Tommy Joe is being treated for leukaemia.

Nursery nurse Lisa Ternent explained that one of Tommy Joe's earlier visits to theatre was upsetting for him and his mum, with the experience leaving him nervous and distressed.

She said: "Before his next visit, while we waited in theatre reception, I tried to distract him by playing on the 3D TV, although you could see he was still very anxious.

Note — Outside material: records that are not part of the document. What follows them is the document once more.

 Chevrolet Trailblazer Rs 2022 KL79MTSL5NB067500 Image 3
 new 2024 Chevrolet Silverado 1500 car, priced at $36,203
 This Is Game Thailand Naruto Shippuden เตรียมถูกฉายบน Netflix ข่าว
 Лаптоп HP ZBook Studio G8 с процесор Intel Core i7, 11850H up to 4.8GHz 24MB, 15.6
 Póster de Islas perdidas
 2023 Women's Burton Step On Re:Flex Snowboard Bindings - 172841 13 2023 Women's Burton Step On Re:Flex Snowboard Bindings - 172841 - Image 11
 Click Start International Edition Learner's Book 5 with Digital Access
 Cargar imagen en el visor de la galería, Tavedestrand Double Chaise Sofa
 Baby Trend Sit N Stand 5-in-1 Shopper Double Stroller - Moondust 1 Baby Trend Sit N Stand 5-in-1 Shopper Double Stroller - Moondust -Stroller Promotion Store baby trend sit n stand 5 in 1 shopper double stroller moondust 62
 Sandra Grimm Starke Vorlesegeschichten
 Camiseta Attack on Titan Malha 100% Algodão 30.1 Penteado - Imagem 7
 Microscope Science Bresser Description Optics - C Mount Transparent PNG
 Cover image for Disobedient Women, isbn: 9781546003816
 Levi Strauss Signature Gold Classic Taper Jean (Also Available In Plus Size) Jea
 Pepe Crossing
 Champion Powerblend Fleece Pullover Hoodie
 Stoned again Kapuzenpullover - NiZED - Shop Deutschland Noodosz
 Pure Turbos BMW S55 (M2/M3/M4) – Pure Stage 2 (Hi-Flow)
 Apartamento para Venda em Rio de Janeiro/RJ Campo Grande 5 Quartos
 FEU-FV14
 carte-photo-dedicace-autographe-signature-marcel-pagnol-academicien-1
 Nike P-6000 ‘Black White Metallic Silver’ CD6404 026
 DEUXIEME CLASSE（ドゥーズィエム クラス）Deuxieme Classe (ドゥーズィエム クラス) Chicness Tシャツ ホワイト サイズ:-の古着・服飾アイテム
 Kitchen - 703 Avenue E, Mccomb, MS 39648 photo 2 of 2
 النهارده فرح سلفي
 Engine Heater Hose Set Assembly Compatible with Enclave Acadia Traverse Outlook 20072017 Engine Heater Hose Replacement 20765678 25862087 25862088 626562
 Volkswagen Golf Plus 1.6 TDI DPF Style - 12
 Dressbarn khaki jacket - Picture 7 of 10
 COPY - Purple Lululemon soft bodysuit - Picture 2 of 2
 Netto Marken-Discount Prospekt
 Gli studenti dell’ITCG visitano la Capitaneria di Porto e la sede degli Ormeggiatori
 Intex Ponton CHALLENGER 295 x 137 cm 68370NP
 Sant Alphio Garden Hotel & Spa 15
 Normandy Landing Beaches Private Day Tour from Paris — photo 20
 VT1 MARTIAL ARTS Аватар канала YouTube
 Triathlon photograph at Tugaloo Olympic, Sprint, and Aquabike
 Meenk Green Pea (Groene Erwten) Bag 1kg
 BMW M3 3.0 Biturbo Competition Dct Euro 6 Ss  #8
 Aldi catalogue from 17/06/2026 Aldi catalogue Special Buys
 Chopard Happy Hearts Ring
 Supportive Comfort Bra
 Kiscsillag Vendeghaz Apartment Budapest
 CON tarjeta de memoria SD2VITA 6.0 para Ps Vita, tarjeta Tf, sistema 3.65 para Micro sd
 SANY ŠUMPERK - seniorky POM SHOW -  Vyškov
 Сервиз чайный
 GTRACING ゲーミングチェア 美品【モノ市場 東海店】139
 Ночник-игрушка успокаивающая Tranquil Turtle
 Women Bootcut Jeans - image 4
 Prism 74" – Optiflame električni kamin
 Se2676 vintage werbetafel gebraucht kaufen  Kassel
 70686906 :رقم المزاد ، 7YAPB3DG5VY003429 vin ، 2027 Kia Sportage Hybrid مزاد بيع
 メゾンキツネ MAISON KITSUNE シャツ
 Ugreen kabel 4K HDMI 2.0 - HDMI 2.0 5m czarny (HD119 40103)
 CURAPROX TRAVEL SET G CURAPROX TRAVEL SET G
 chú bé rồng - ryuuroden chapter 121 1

"Alison, the volunteer in theatre, suggested we use the car for Tommy Joe to go down to the ‘sleepy room’.

“When she brought it out you could see he was very excited. He climbed inside and fastened his seatbelt. Within no time he was away, changing gear and beeping the horn. Everyone gathered around and cheered him on.”

Tommy Joe hit the road to the sleepy room and parked up to have his checks carried out and a photograph taken.

Full of smiles, he then drove all the way down the corridor to the sleepy room.

Lisa added: “Once we reached the ‘fairy room’ he again parked up and removed his seat belt, before running into the sleepy room and climbing up onto the bed.

"As he lay calmly on the bed he talked about his car ride.

“Once he was asleep, his mum told me that she couldn't believe the difference in him and how this experience was much more positive for both Tommy Joe and herself.”